BEGIN

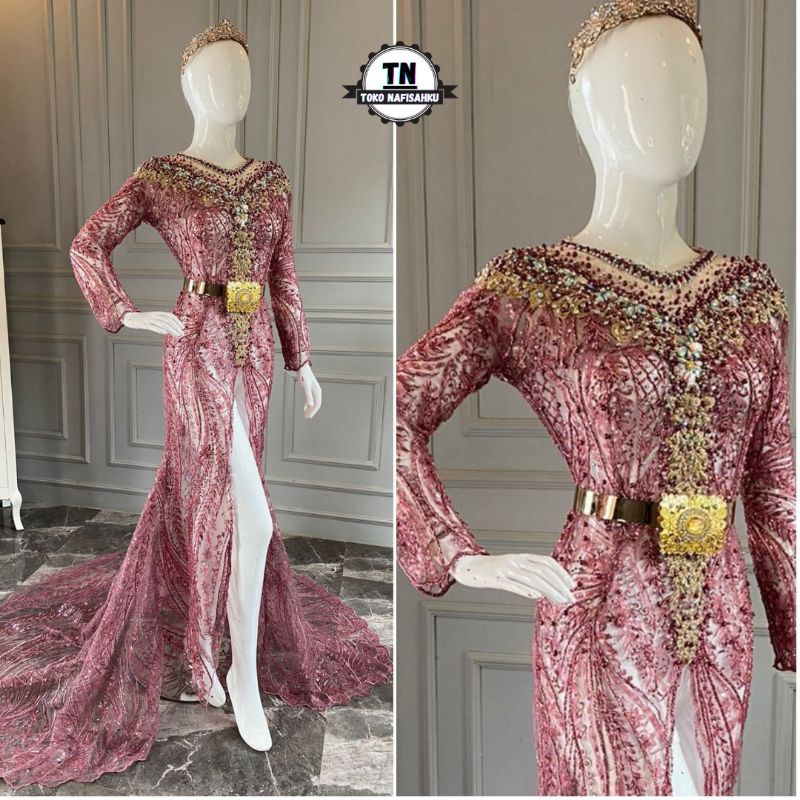 kebaya pengantin akad belah | baju nikah dan resepsi kebaya modern muslimah | toko nafisahku
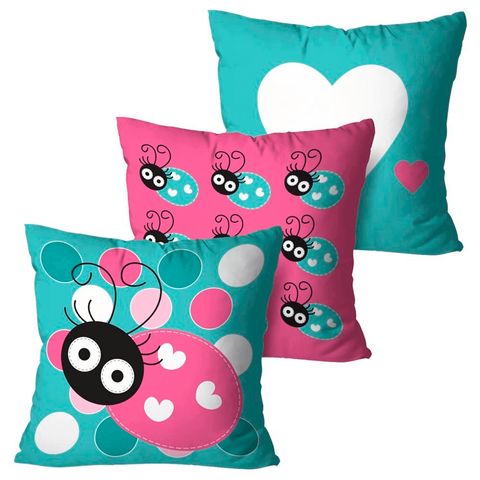 Kit com 3 Capas para Almofadas Decorativas Infantil Joaninhas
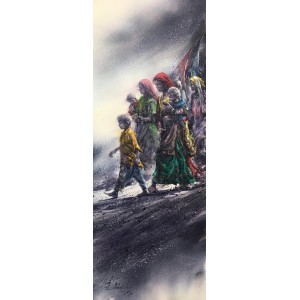 Ali Abbas, 11 x 30 Inch, Watercolor on Paper, Figurative Painting, AC-AAB-176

END

● **Problem to work on**:
Write the material above out again exactly. Omit every image.

● **Result for this exercise**:
 kebaya pengantin akad belah | baju nikah dan resepsi kebaya modern muslimah | toko nafisahku
 Kit com 3 Capas para Almofadas Decorativas Infantil Joaninhas
 Ali Abbas, 11 x 30 Inch, Watercolor on Paper, Figurative Painting, AC-AAB-176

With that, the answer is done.